* _Work to be completed_
Lift out, unaltered, the lines of the material below between the line holding "SHARKS IN PARIS RED TOILETRY AKA MONEY BAGS" and the line holding "Nivea Q10 Spevňujúce telové mlieko", counting both.
START Data for review
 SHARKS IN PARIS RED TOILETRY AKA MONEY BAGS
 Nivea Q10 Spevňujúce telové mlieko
END Data for review
START Data for review
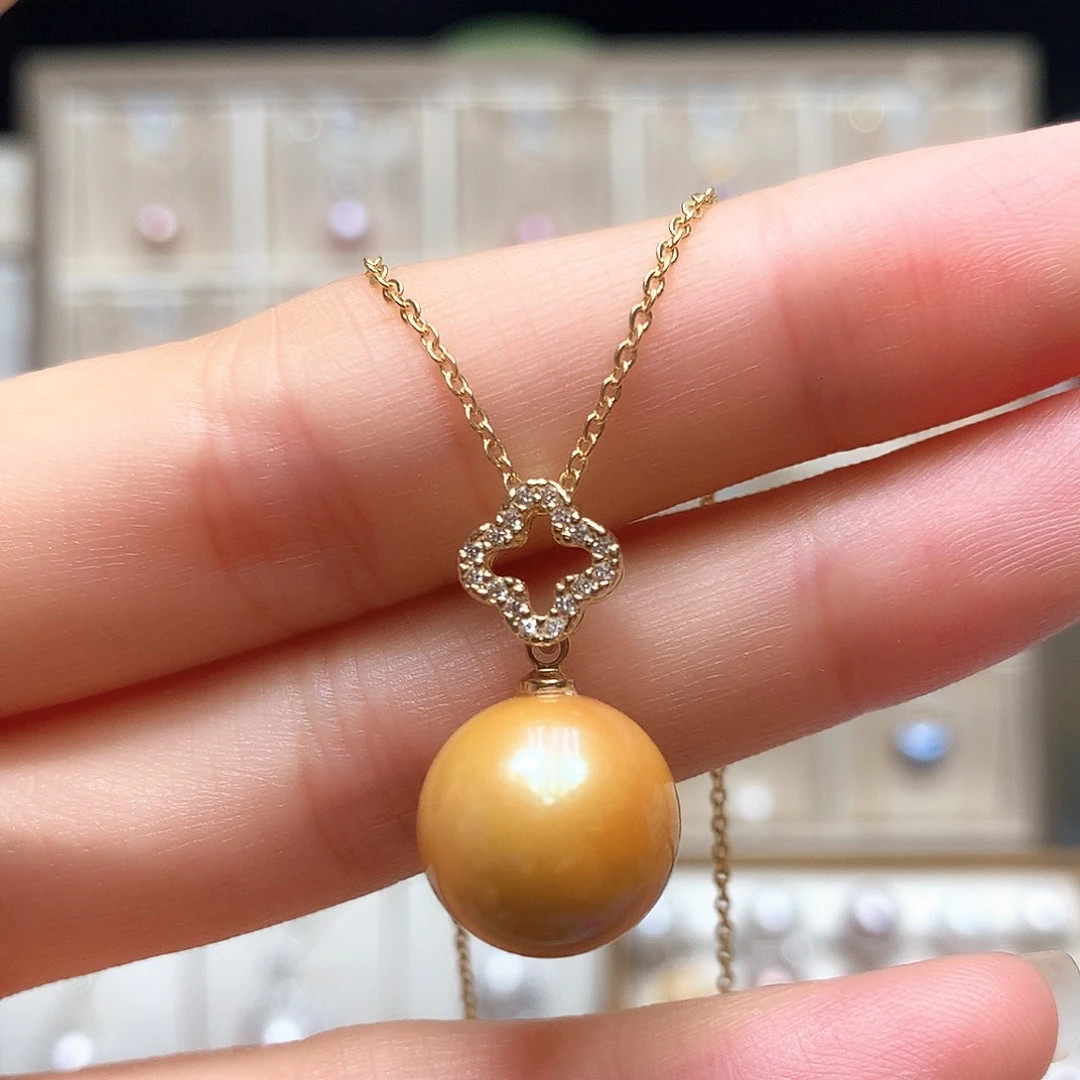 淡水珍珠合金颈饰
END Data for review
START Data for review
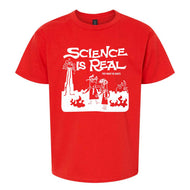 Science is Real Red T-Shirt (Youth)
END Data for review
* _Output below_
 SHARKS IN PARIS RED TOILETRY AKA MONEY BAGS
 Nivea Q10 Spevňujúce telové mlieko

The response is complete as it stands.